Emerging Adulthood: Our Second Adolescence or Rationalized Laziness?
The realization that the world expects you to be an adult, or at least act like one, takes a long time to sink in. Plenty of middle-aged people I know are still reverberating from the shock. It’s especially hard for us, as a generation bred on the idea that you can achieve anything if you set your mind to it, now entering the world during an economic recession, to accept this fight for entry-level jobs as adulthood.
According to Arnett, we’re not just lazy, fickle and spoiled; the brains of Twentysomethings are simply not developed enough to choose the right career path and the right romantic partner on the first try. We’re not failures if nothing seems to be the right fit. All of our uncertainty might be completely justified, and we might be doing the right thing by delaying the important decisions and commitments. But not everyone is buying it.
One of the main arguments against the validity of emerging adulthood as a developmental stage is the fact that it may be a specifically American problem. In the Times article, Marantz Henig quoted Richard Lerner, Bergstrom chair in applied developmental science at Tufts University, as saying, “To qualify as a developmental stage, emerging adulthood must be both universal and essential.”
To the skeptics, the complications of finding oneself are the luxury crisis of kids growing up in a society that will reach out to catch them when they fall, through social programs as well as through a general cultural acceptance of the fact that young people will make mistakes and take time to figure out what they’re doing with their lives.

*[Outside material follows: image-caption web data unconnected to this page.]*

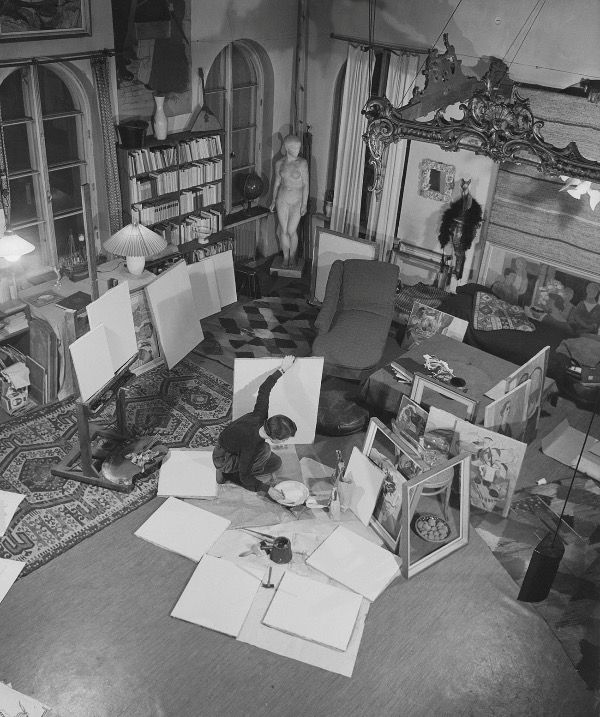 Tove Jansson Helsingin ateljeessaan ennen remonttia， 1949 Kuva_ Per Olov Jansson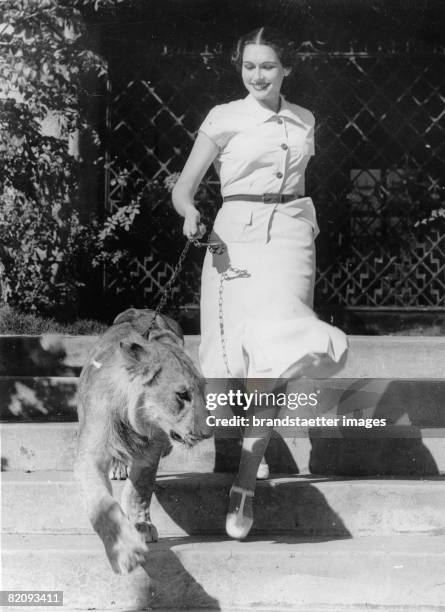 Actress Gloria Youngblood with her young lion, Photograph, America, 1937 [Die Filmschauspielerin Gloria Youngblood hat sich einen jungen L?wen als...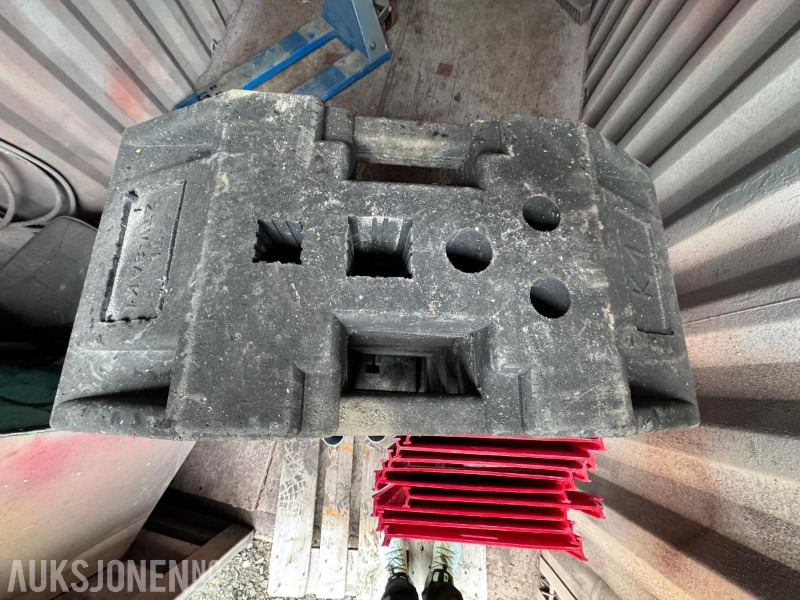 2025 Skilt og vegmerkingspakke - Saferoad - Implemento para Maquinaria de construcción: foto 5 2025 Skilt og vegmerkingspakke - Saferoad - Implemento para Maquinaria de construcción: foto 5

The pressure attached to important life decisions is made greater as life expectancy goes up, and as the opportunities available increase in number and variety. Growing up to take over the family business is counter-intuitive to a world where a college kid can make billions by building a social networking site; it’s hard to choose one path when an infinite number are open.
We’re terrified of wasting time, because if you change careers over and over again, starting from the bottom every time, you never get past mid-level. We all want to go far and be good at something. We watched “Reading Rainbow” as children and think we can take over the world.
If our paralyzing fear is born of our upbringing, reconciling the childhood years spent being spoon-fed optimism with the shock of the limitations of reality, then emerging adulthood doesn’t fit into the textbook definition of a developmental stage. But that doesn’t make the prospect of moving back into your parents’ house after college any less terrifying, or the decision between grad school and a job any easier to make.
The real question isn’t whether we feel this way because of our brain chemistry or because of society, but whether making allowances for our aimless wandering will help or hurt us. Will taking the time now to figure out what we really want to do save us from a mid-life crisis later, or is that simply a lame excuse for the unmotivated?